The End of the Era of Statistical Significance (and Why You Should Care)

The editors of the official journal of the American Statistical Association have put a spike in the heart of a monster of their own creation. The monster is the test of statistical significance, a measure of the quality of a sample of evidence, and a magical line that accepts results when p<.05 and rejects evidence when p>.05. Let us all toast its demise. You can read their editorial here.

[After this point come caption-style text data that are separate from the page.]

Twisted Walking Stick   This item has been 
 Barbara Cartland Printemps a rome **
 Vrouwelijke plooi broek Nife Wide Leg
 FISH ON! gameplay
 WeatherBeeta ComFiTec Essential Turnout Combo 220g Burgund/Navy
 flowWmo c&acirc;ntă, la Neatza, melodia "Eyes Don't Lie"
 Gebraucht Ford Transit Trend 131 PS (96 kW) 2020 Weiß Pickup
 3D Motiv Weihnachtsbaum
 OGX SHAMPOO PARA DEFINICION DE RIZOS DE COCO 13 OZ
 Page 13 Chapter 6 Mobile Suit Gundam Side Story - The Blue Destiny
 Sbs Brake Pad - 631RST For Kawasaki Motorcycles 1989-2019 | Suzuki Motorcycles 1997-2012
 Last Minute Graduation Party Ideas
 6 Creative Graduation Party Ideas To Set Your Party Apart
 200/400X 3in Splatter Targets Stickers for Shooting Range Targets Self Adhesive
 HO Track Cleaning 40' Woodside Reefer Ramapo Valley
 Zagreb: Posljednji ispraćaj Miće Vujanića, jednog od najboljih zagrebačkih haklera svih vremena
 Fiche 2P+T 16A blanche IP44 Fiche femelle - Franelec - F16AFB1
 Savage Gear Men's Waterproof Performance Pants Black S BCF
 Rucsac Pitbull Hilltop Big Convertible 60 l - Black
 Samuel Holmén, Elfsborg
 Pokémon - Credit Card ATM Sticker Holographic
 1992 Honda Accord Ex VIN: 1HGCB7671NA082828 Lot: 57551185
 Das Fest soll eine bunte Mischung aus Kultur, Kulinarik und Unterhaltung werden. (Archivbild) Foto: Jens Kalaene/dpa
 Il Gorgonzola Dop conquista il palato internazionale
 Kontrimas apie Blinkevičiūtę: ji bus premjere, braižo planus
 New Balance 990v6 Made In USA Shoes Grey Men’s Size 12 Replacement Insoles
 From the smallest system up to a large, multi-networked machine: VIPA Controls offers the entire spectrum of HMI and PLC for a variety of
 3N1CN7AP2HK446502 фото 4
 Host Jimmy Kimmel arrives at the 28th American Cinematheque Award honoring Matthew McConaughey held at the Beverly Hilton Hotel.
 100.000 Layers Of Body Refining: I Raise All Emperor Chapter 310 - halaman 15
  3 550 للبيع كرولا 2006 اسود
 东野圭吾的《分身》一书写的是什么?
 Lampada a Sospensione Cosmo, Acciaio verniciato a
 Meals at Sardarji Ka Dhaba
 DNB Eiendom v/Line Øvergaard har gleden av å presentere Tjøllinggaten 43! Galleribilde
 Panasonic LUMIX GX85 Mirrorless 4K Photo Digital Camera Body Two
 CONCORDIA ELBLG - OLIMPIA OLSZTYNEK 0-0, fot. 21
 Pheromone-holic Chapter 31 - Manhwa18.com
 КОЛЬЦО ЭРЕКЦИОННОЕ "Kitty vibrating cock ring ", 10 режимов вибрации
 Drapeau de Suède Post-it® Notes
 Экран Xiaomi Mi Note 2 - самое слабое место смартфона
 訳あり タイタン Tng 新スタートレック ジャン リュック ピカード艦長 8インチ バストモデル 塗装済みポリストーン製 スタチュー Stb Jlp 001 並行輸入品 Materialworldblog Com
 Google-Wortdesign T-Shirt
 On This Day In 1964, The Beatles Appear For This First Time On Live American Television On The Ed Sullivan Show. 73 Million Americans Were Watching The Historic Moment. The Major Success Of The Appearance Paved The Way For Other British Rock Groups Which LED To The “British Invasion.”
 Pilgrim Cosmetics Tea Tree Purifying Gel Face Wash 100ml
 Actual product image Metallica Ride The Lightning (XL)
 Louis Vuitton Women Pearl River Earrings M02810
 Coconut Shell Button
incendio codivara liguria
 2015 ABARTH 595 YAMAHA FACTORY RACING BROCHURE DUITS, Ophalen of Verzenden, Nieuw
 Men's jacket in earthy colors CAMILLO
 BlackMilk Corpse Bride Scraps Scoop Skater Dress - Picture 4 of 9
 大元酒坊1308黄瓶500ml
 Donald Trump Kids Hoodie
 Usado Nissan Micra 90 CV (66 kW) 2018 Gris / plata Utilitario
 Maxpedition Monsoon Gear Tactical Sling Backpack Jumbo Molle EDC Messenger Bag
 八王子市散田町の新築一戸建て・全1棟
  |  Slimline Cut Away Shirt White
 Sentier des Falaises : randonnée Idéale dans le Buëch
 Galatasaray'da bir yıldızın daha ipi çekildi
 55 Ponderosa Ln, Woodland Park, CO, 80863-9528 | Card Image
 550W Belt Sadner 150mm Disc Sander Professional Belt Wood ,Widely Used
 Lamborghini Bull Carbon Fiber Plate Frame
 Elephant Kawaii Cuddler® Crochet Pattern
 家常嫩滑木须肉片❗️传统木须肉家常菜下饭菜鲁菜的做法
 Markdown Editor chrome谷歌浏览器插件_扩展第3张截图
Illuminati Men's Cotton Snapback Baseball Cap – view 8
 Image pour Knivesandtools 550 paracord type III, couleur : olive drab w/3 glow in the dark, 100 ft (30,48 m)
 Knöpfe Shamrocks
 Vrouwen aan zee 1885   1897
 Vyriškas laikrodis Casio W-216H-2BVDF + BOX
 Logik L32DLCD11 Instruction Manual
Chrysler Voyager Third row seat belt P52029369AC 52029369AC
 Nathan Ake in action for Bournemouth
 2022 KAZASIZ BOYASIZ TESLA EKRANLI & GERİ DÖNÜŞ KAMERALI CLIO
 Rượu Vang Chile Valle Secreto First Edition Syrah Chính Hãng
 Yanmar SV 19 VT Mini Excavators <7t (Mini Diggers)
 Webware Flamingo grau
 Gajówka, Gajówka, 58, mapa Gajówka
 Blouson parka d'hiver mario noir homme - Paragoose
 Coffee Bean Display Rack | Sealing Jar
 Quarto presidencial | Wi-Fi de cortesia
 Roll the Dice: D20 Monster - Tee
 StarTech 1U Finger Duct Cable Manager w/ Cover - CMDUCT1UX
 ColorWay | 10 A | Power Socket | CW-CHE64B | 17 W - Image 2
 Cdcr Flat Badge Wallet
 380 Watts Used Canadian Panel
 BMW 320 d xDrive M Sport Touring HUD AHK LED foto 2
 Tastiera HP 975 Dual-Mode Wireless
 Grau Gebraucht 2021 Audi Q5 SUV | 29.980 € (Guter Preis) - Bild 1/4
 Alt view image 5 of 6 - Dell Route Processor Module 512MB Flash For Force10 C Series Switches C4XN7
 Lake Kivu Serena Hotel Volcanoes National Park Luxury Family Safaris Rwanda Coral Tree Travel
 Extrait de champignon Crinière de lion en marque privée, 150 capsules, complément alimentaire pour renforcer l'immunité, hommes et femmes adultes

To emphasize the importance of their rejection of this damaging standard, they published 43 supporting articles, and shared the entire issue of their journal freely to the public.

This bad practice is a monster that has haunted statistical interpretation for 100 years. It has terrified scholars who would only submit their papers for publication with the monster at their side. And it has led to errors in judgment about the effectiveness of drugs (i.e., Vioxx), the wisdom of unemployment policies, and the effect of smaller class sizes on elementary school students.

Why does this matter to those of you leading schools and districts? It means that the last 100 years of education research has been filled with studies that have trumpeted big successes but whose evidence may neither affirm nor negate the treatment under study. Because the degree of effect and its importance have often been pushed to the side by formal regard for statistical significance, this means diligent practitioners need to reexamine any research you’re counting on.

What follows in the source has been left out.